Real love of self and hence love of others cannot fully exist without real love of God.
I can only love in as much as I know love and God is love.
I can only love God in as much as I know Him.
When Jesus walked in the midst of Israel he came to a people whom God had revealed acts of power and love toward and they believed that they were knowing and loving Him. But Jesus revealed their lack of real knowledge, and hence real love of God, for their belief of their love was based on presumption rather than actual love. His disciples were challenged for he stretched all their preconceptions yet through it they came to know him and love him for they found in him a love like no other for he loved them as he loved himself. So his love for them transformed them, until they met him they lived without any sense of their need of him, but by the time of his death they had come to so rely upon him and his love for them that they could not live without him. When he was crucified they walked like men unable to cope, so when he appeared to them after his death revealing his unchanging love in such a forceful manner they were overwhelmed with joy and wonder and forever changed, for they loved him as he loved them. In this way they were willing to die for him to reveal his love for others in the same manner as they had been loved by him.

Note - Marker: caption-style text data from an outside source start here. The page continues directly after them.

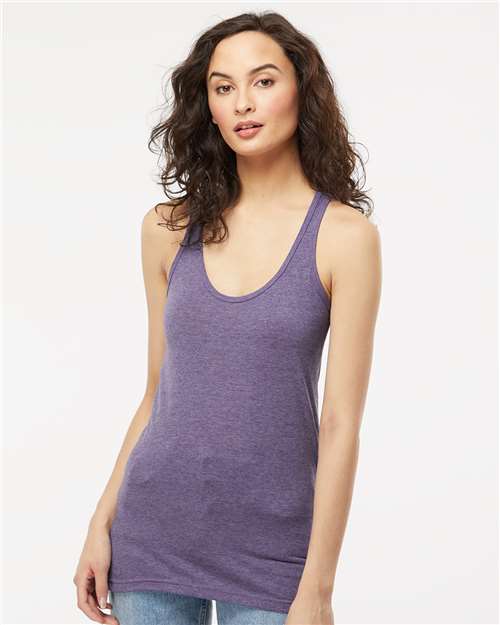 M&O Women's Racerback Blend Tank - 3590 - 3590M Heather Purple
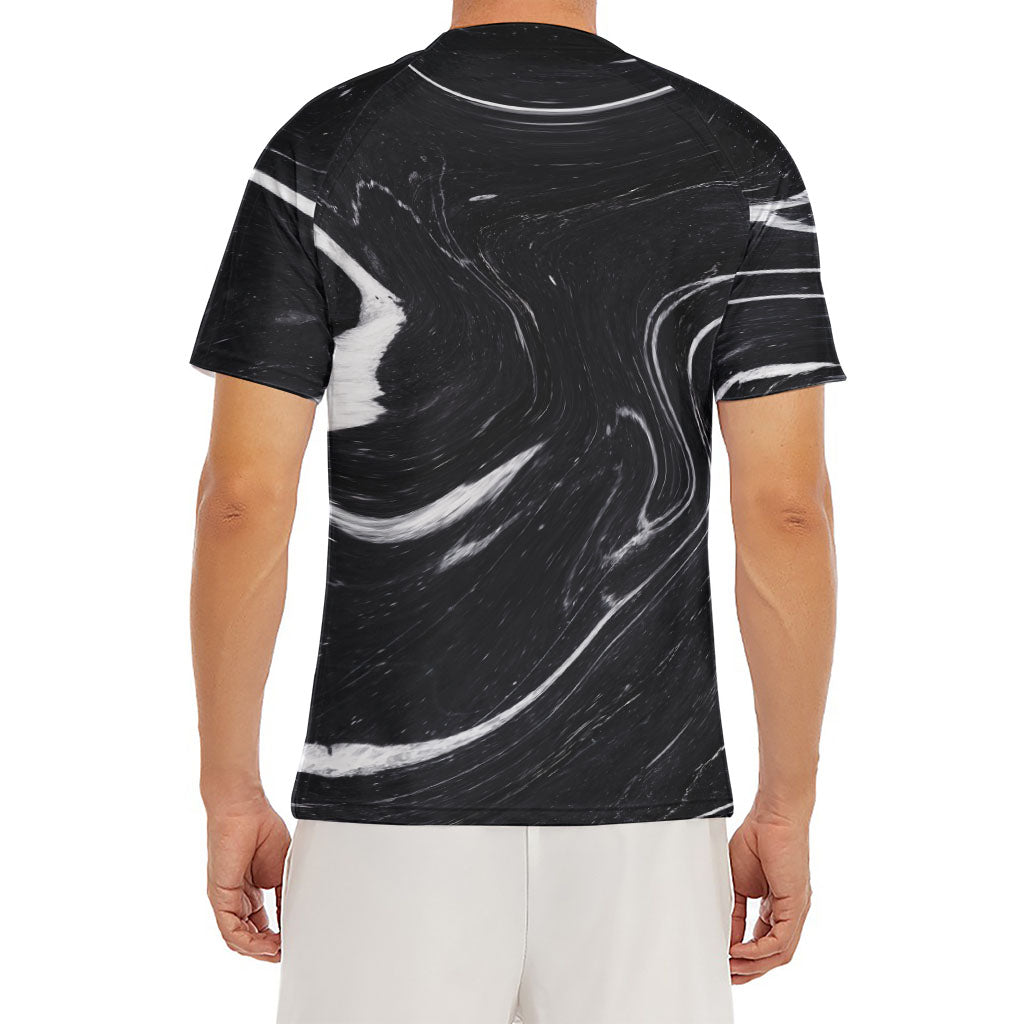 Black White Liquid Marble Print Men's Short Sleeve Rash Guard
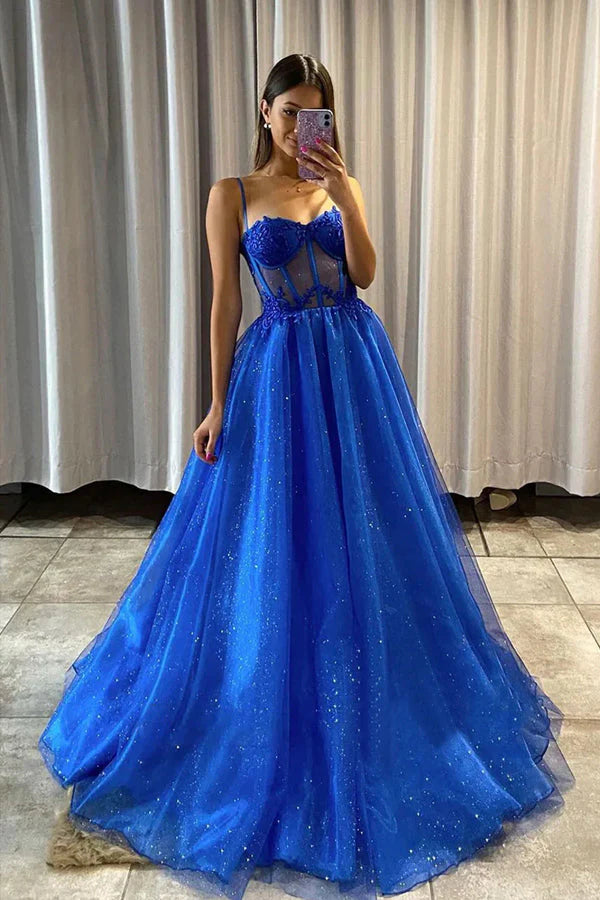 A Line Shiny Royal Blue Tulle Formal Prom Dress simple gentle atmospheric and unique desi Bring summer colors to enhance whiteness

We can talk about love and conjecture its depth, its truth, its reality, with or without God, but until we know for ourselves the full reality of how we are formed in love by love for love we will never truly love as we are loved. Because of this the limit of the adage to love others as you love yourself is made manifest, for all the imperfections we have are truthfully the fruit of the absence of love and this absence is part of what we give others not love. So again I say real love of self and others cannot fully exist without real love of God.